The Affordable Care Act promised freedom for jobs and business opportunities not linked to your health care. What we got was continuing cost escalation and higher premiums. Even popular benefits like coverage for pre-existing conditions, would never be a problem if we had a universal health care system.We need to embrace a system that provides health care to all citizens, and includes dental, vision, and mental health services. Such a system will reduce costs and will operate with minimal overhead in comparison to private insurance. Removing the insurance profit-motive, gives consumers freedom of choice. Increasing transparency creates a more competitive market where decisions will be made by individuals and their doctors based on science and best practices rather than by insurance company profits.

 

We can save trillions of dollars in health care costs by providing universal health care. This will provide a tremendous source of economic power for our country.

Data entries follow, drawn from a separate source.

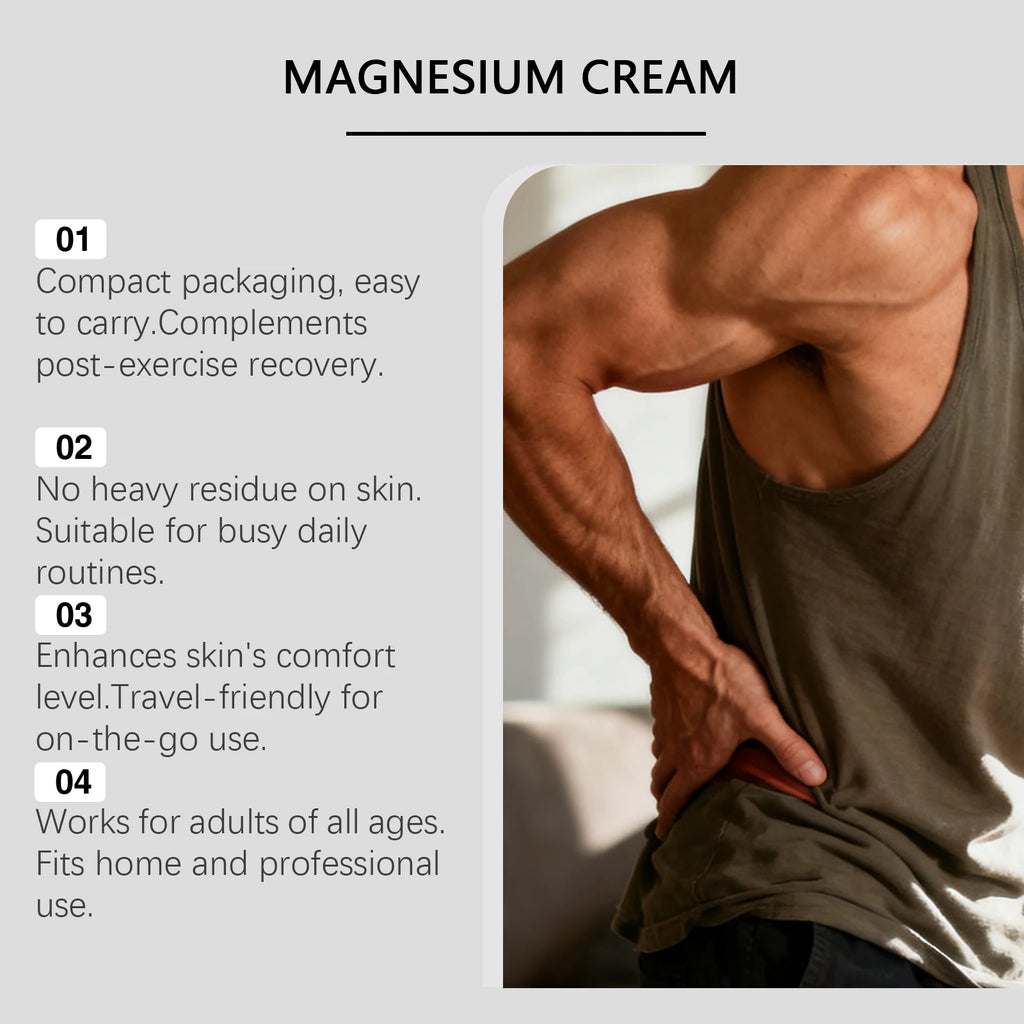 Hoygi Magnesium Body Cream – Moisturizing Massage Cream 50g Magnesium Body Cream SPOT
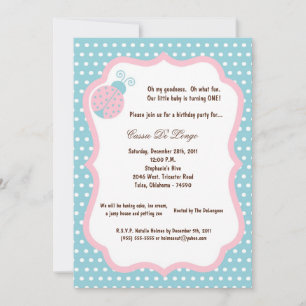 Invitación a la fiesta de cumpleaños 5x7 de Blue L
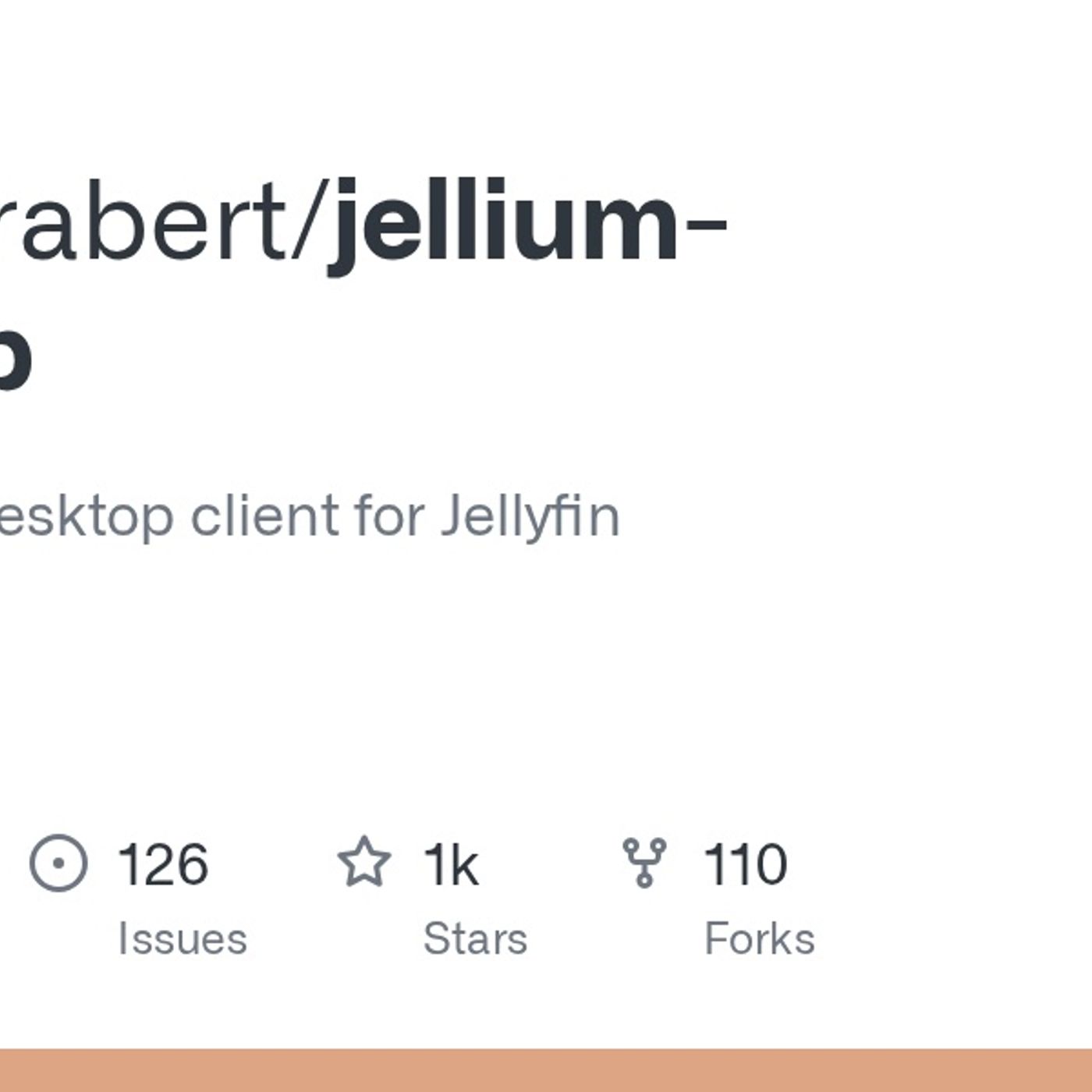 GitHub - andrewrabert/jellium-desktop: An unofficial desktop client for Jellyfin
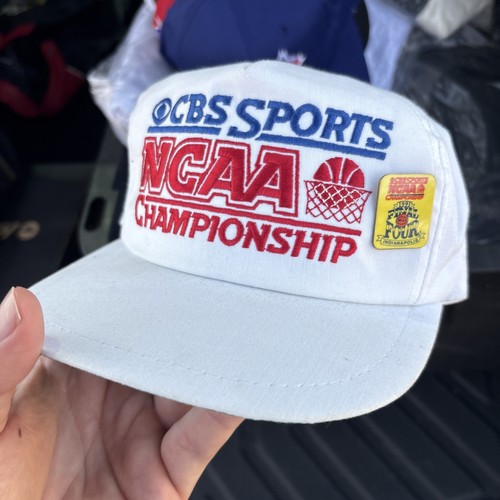 CBS Sports NCAA Championship Basketball Made In USA Vintage Snapback Hat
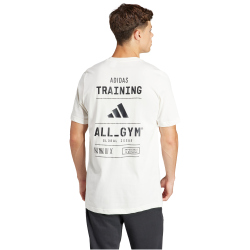 adidas Performance AEROREADY All-Gym Category Graphic Trainingsshirt Herren 077A - cwhite XS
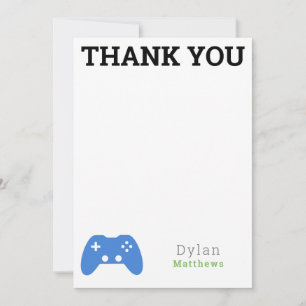 Thank You Gamer Video Game Pattern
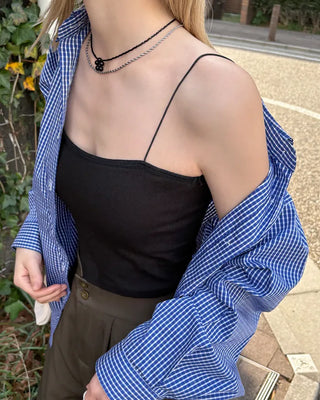 Padded slim camisole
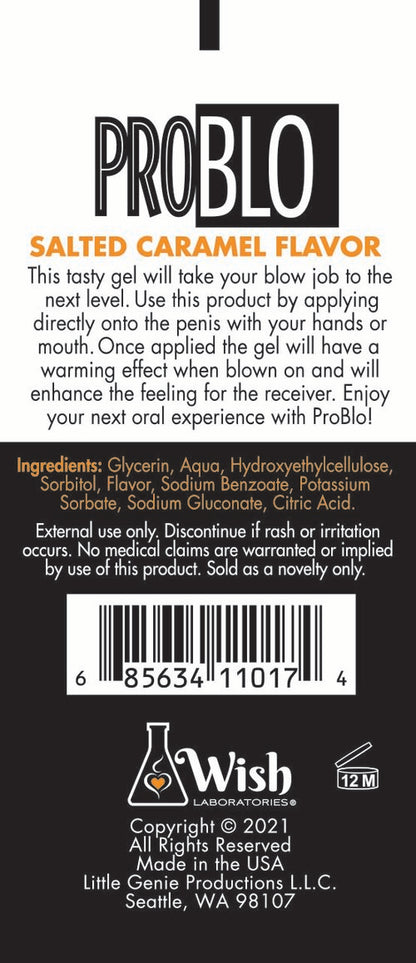 PROBLO ORAL PLEASURE GEL SALTED CARAMEL 1.5 OZ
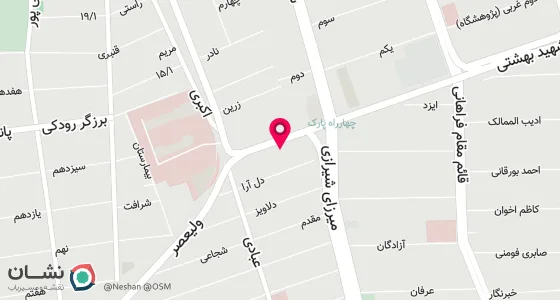 نقشه موقعیت تقریبی دفتر: تهران خیابان بهشتی بعد از سینما آزادی نرسیده به خیابان ولیعصر ساختمان سبز پلاک 488 طبقه سوم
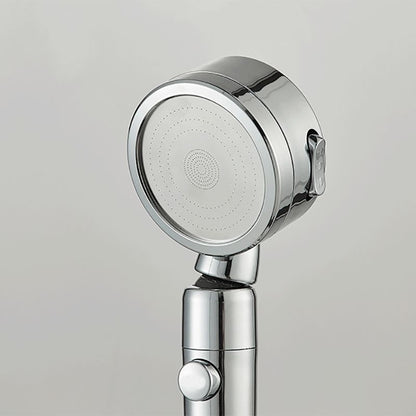Skorter | Contemporary 3 Beam Shower Head Adjustable Spray Pattern Rotating Hand Shower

health costs – how the us compares with other countries

 

 

EDUCATION:

The value of education in the US has regressed to a singular focus on technology, dominated by multi-national conglomerates. The strength of our democracy, health of our communities, and the development of meaningful social policy depends on the diversity of knowledge, critical thinking skills, and problem solving abilities. Education should be viewed as a social investment. We need to rely on scientific research and best practices, by creating quality metrics that correlate to success. We should view education with a social perspective from prenatal to career. K-12 is not sufficient for today’s complex world.

 

Today, college students’ futures have been drowned under trillions of dollars of debt before they even have a chance to participate fully in our economy.5 We need to provide student debt forgiveness in order to ensure our economic health. We need to end the predatory loan practices of for-profit schools. It is vital to our shared future that we provide affordable, equitable access to education for all.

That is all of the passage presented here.